-- TASK DETAILS --
Given these entries, repeat exactly the lines starting with the one that has "Casă cu 4 camere" and going on through the one that has "Garden of the", both included, but none of the pictures.

-- AVAILABLE DATA --
>>>>
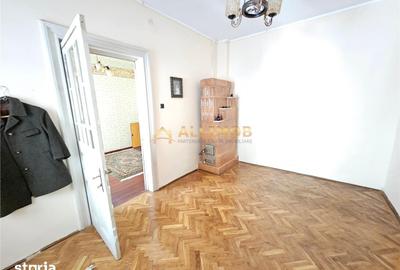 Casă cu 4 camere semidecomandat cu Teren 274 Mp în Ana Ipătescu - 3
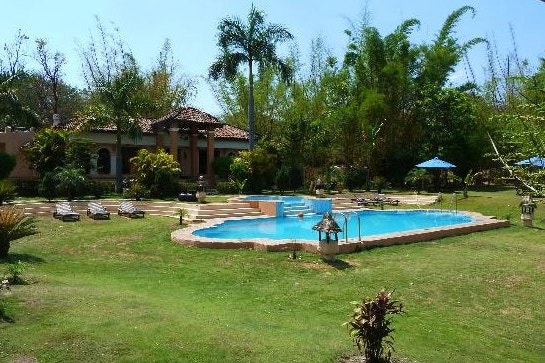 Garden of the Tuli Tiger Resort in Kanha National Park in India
<<<<
>>>>
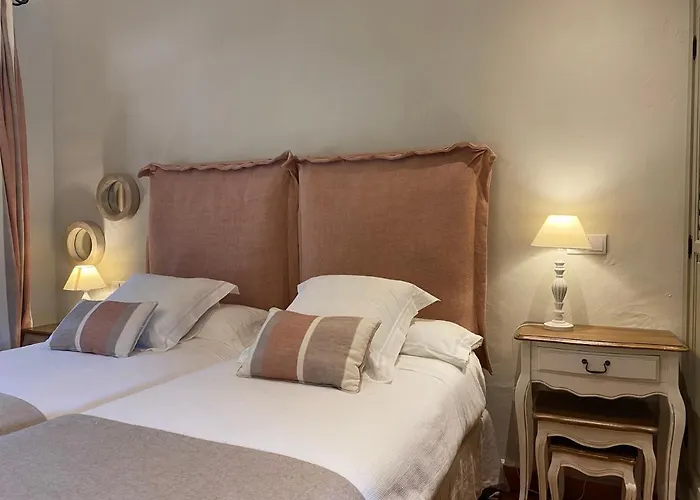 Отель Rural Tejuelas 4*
<<<<
-- TASK RESULT --
 Casă cu 4 camere semidecomandat cu Teren 274 Mp în Ana Ipătescu - 3
 Garden of the Tuli Tiger Resort in Kanha National Park in India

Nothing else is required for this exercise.